Aging Patterns

Determing aging patterns, and explaining analysis techniques

By Tangotiger

What is a player's peak age? What does that even mean? Is it the single year where the player has his best year, or is it the mid-point of number of years where the player has the best part of his career? As with anything, you have to define the question before you determine an answer. Some analysts even come up with an answer first, and then construct the question. I used to do this. Tim Raines is my favorite ballplayer ever. And I would always argue he was the best, using anything I can find to substantiate that argument. I did the same thing in hockey when comparing Bryan Trottier to Wayne Gretzky. It took me a few years to realize that I was wrong on that one.

Note: Age is calculated as of July 1st, with the remainder rounded off. It doesn't really matter how you calculate age, as long as you calculate it the same way for every player. Every other analyst uses a player's age as of July 1, and drops off the remainder. For example, Tim Raines was born 09/59. In 1999, I have him as 40 years old, while the other analysts mark him as being 39. In actual fact, Raines was 39 years and 9+ months on July 1, 1999. While other analysts truncate his age to 39, I round it to 40. The reason I do this is that the "age 40 class" represents the players who are between 39.5 years and 40.5 years old, and therefore will average 40.0 years old. I don't see any reason to truncate ages, when every other number manipulation we do uses rounding. In any case, no big deal, as long as everyone is consistent within their study.

Defining a peak age

Let me first define a peak age.
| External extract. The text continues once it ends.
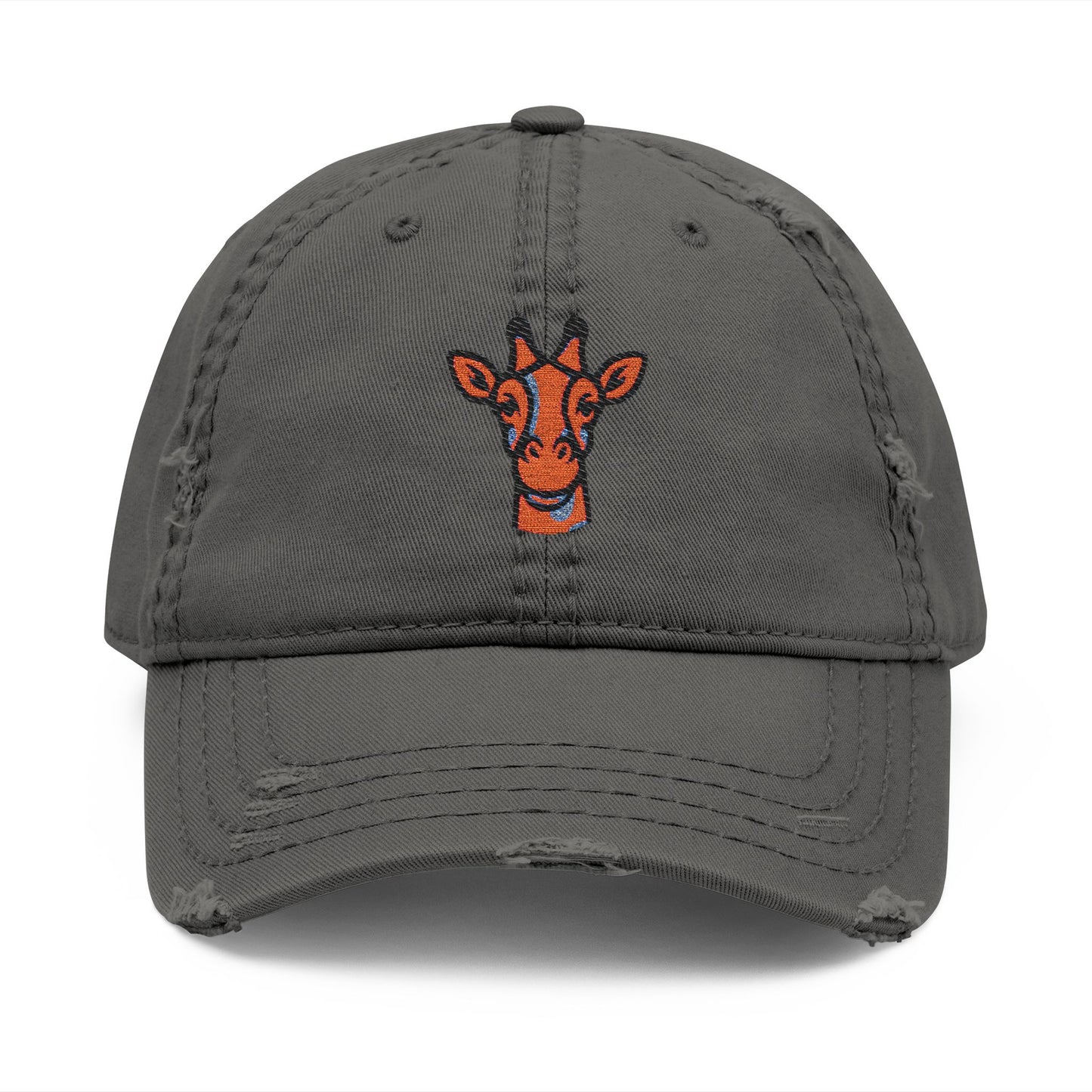Distressed Dad Hat with Giraffe Embroidery, Casual Cap for Outdoor Adventures, Perfect Gift for Father's Day, Birthday, Everyday Wear, [...]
A player's peak age is that age which shows the most evidence that a player's abilities is at its highest. Now, what do we use as evidence? A baseball player's statistics is the most objective data we have to make this determination. But are the stats themselves misleading in any way?

Lies, damned lies, and statistics

You have to search for the truth in stats. If a player hits 30 HR in 600 AB, is his ability to hit 1 HR every 20 AB? If a player hits 3 HR in 60 AB, is his ability to hit 1 HR every 20 AB? What those 600 AB represents is a sample of a player's abilities. The higher the number, the more indicative the sample is of the "population". If it was humanly possible, researchers would love to have a batter come up to bat in game conditions 100,000 times in a 1 year span. Since this is not possible, you have to take what you're given, and start applying confidence levels.

This is just like an opinion poll. You sample 1,000 people, and declare the results of the poll to be accurate within 3 percentage points, 19 times out of 20. A player's at bats is simply a sample poll of his abilities. The higher the sample, the more confident you are with the results, and the more accurate the results are.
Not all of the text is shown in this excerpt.